Misalnya kunjungan Presiden RI, Joko Widodo dan rombongan ke Maluku Utara, salah satunya Kota Ternate beberapa bulan lalu. Malah kunjungan Presiden dan rombongan waktu itu lebih praktis dan tidak merugikan masyrakat Kota Ternate dengan cara menutup jalan berhari-hari.
Selain itu, kita perlu bertanya kenapa tidak dilakukan kegiatan di gedung yang telah disiapkan oleh Pemkot, yaitu Duafa Center ataupun ke lokasi yang tebuka, yaitu lapangan Ngara Lamo dan Lapangan Perikanan yang lebih mudah dan tidak merugikan aktifitas publik.

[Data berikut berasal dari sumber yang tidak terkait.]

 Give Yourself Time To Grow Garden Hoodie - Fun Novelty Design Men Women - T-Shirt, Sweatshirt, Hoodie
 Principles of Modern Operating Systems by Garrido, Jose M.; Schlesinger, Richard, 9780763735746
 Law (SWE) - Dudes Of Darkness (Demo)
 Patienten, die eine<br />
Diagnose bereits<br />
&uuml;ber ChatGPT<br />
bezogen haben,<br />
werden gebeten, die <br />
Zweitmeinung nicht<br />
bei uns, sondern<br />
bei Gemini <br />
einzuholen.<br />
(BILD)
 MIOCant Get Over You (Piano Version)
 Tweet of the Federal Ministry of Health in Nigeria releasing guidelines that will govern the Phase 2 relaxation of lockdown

Hal tersebut, secara yuridis Pemkot Kota Ternate tidak amanah dalam menjalankan aturan, karena telah menabrak aturan tentang ketertiban umum yang dimaksud dalam Undang-Undang Nomor 22 Tahun 2009 tentang lalulintas angkutan jalan raya, dan pasal 3 ayat (1) Jo Perda nomor 4 tahun 2014 tentang ketertiban umum.

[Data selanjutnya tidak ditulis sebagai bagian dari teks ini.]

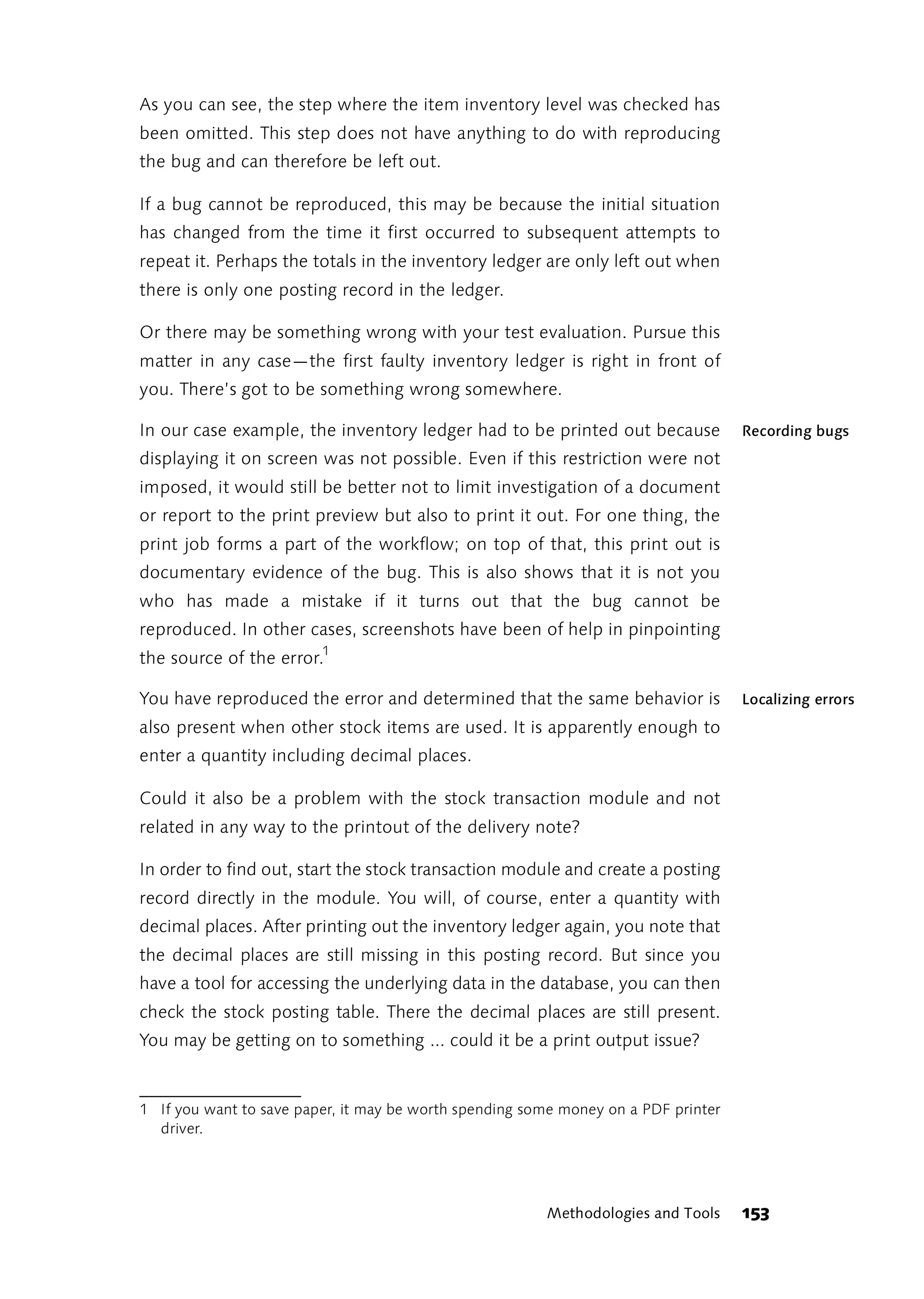 As you can see, the step where the item inventory level was checked has
been omitted. This step does not have anything to do with reproducing
the bug and can therefore be left out.

If a bug cannot be reproduced, this may be because the initial situation
has changed from the time it first occurred to subsequent attempts to
repeat it. Perhaps the totals in the inventory ledger are only left out when
there is only one posting record in the ledger.

Or there may be something wrong with your test evaluation. Pursue this
matter in any case—the first faulty inventory ledger is right in front of
you. There’s got to be something wrong somewhere.

In our case example, the inventory ledger had to be printed out because             Recording bugs
displaying it on screen was not possible. Even if this restriction were not
imposed, it would still be better not to limit investigation of a document
or report to the print preview but also to print it out. For one thing, the
print job forms a part of the workflow; on top of that, this print out is
documentary evidence of the bug. This is also shows that it is not you
who has made a mistake if it turns out that the bug cannot be
reproduced. In other cases, screenshots have been of help in pinpointing
the source of the error.1

You have reproduced the error and determined that the same behavior is              Localizing errors
also present when other stock items are used. It is apparently enough to
enter a quantity including decimal places.

Could it also be a problem with the stock transaction module and not
related in any way to the printout of the delivery note?

In order to find out, start the stock transaction module and create a posting
record directly in the module. You will, of course, enter a quantity with
decimal places. After printing out the inventory ledger again, you note that
the decimal places are still missing in this posting record. But since you
have a tool for accessing the underlying data in the database, you can then
check the stock posting table. There the decimal places are still present.
You may be getting on to something ... could it be a print output issue?


1 If you want to save paper, it may be worth spending some money on a PDF printer
  driver.




                                                        Methodologies and Tools     153
 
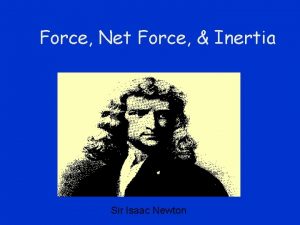 Force Net Force Inertia Sir Isaac Newton Force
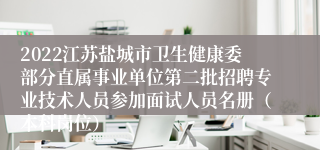 2022江苏盐城市卫生健康委部分直属事业单位第二批招聘专业技术人员参加面试人员名册（本科岗位）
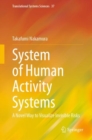 Image for System of human activity systems  : a novel way to visualize invisible risks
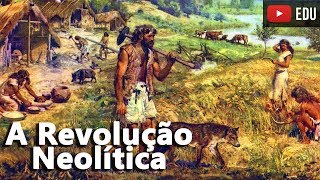 A Revolução Neolítica O Domínio da Agricultura e Pecuária  A História da Civilização PréHistória [upl. by Enyalaj]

Apalagi kegiatan para istri-istri Wali Kota se-Indonesia bukan sebagai pejabat negara ataupun pejabat pemerintah yang harus difasilitasi dengan menutup jalan yang merugikan kepentingan publik.
Dengan kegiatan tersebut pula publik akan berasumsi bahwa siapa saja akan bisa menggunakan jalan utama sebagai tempat kegiatan, seperti dicontohi oleh Pemkot Kota Ternate.
Untuk itu, dengan uraian tentang kebobrokan pemerintah di atas, perlu dilihat secara kritis, sebab Sarasehan dan APEKSI dengan menutup jalan utama sudah menunjukan kemerataan keadilan maupun kesejahteraan tidak dirasakan masyarakat menengah ke bawah.
Buktinya, dengan kegiatan serimoni yang menelan anggaran 1,5 miliar ini menggambarkan Pemerintah dapat mengabaikan berbagai masalah sosial yang dialami masyarakat Kota Ternate, misalnya pelabuhan masyarakat pulau Hiri yang tak kunjung selesai dikerjakan, masalah sengketa lahan bangunan dan tanah di Kelurahan Kalumpang, Kelurahan Maliaro dan Kelurahan Kalumata serta masalah air bersih yang kian hari dikeluhkan.
Dalam konteks kasus yang sama, kita dapat mengajukan argumen bahwa absennya agenda kesejahteraan masyarkat tidak terhitung dalam kepentingan politik pemerintah, melainkan kesejahteraan masyarakat dihitung dalam kepentingan politik keluarga yang dirasakan secara kekeluargaan.
Dia yang memimpin kekuasaan, maka dia dan keluarga yang merasakan keadilan dan kesejateraan.